You are viewing a plain text version of this content. The canonical link for it is here.
Posted to announce@apache.org by lewis john mcgibbney <le...@apache.org> on 2012/06/07 18:52:32 UTC

[ANNOUNCE] Apache Nutch 1.5 Released

(apologies for cross posting...)

Good Afternoon Everyone,

The 1.5 release of Nutch is now available. This release includes
several improvements including upgrades of several major components
including Tika 1.1 and Hadoop 1.0.0, improvements to LinkRank and
WebGraph elements as well as a number of new plugins covering
blacklisting, filtering and parsing to name a few. Please see the list
of changes

http://www.apache.org/dist/nutch/CHANGES-1.5.txt

made in this version for a full breakdown of the 50 odd improvements
the release boasts. A full PMC release statement can be found below

http://nutch.apache.org/#07+June+2012+-+Apache+Nutch+1.5+Released

Apache Nutch is an open source web-search software project. Stemming
from Apache Lucene, it now builds on Apache Solr adding web-specifics,
such as a crawler, a link-graph database and parsing support handled
by Apache Tika for HTML and and array other document formats. Nutch
can run on a single machine, but gains a lot of its strength from
running in a Hadoop cluster.
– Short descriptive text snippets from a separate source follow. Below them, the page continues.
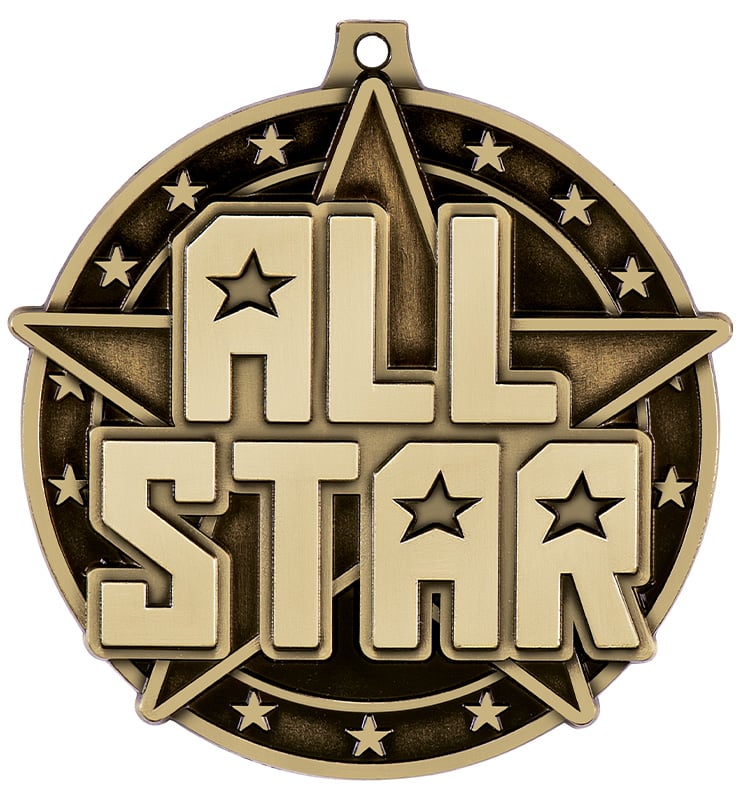 2" All Star Medals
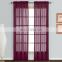 grommet voile fabric sheer windows curtain panel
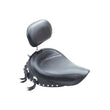 Load image into Gallery viewer, Mustang 06-17 Harley Dyna Wide Touring Solo Seat w/Driver Backrest w/Studs - Black - Detail View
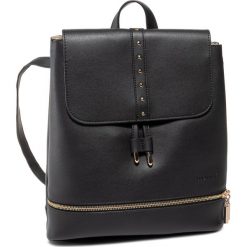 Plecak MONNARI - BAG0020-020 Black. Czarne plecaki damskie Monnari, bez wzorów, ze skóry ekologicznej. W wyprzedaży za 149,00 zł.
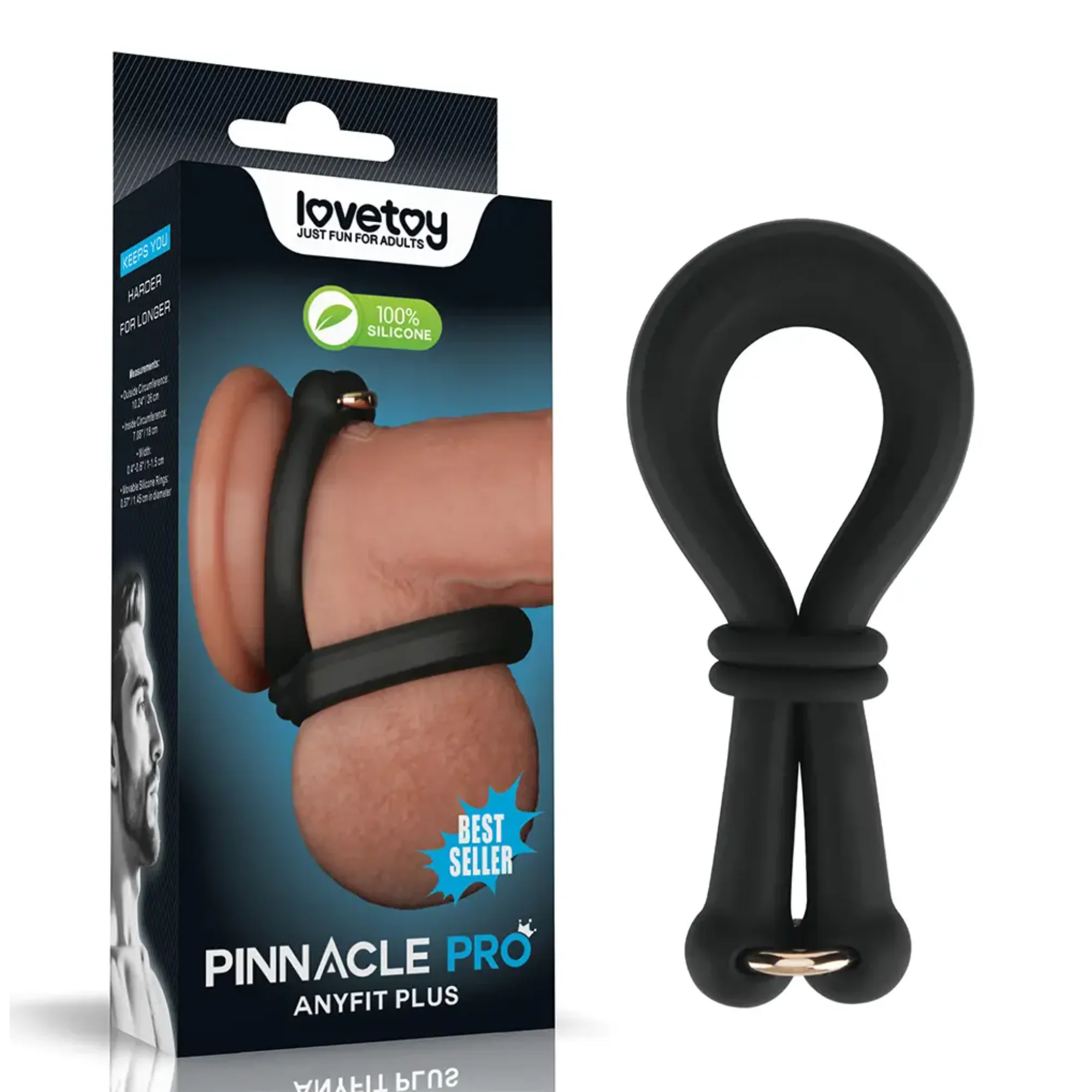 Pinnacle Pro Anyfit Plus Stretcher Cock Ring - Dial in Your Perfect Fit!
The system can be enhanced (eg other
document formats can be parsed) using a highly flexible, easily
extensible and thoroughly maintained plugin infrastructure.

Nutch is available in source and binary form (zip and tar.gz) from the following
download page: http://www.apache.org/dyn/closer.cgi/nutch/

In the initial 48 hours, the release may not be available on all mirrors.
When downloading from a mirror site, please remember to verify the downloads
using signatures found on the Apache site:

http://www.apache.org/dist/nutch/KEYS

For more information on Apache Nutch, visit the project home page:
http://nutch.apache.org

Thank you very much

Lewis John McGibbney (on behalf of the Apache Nutch community)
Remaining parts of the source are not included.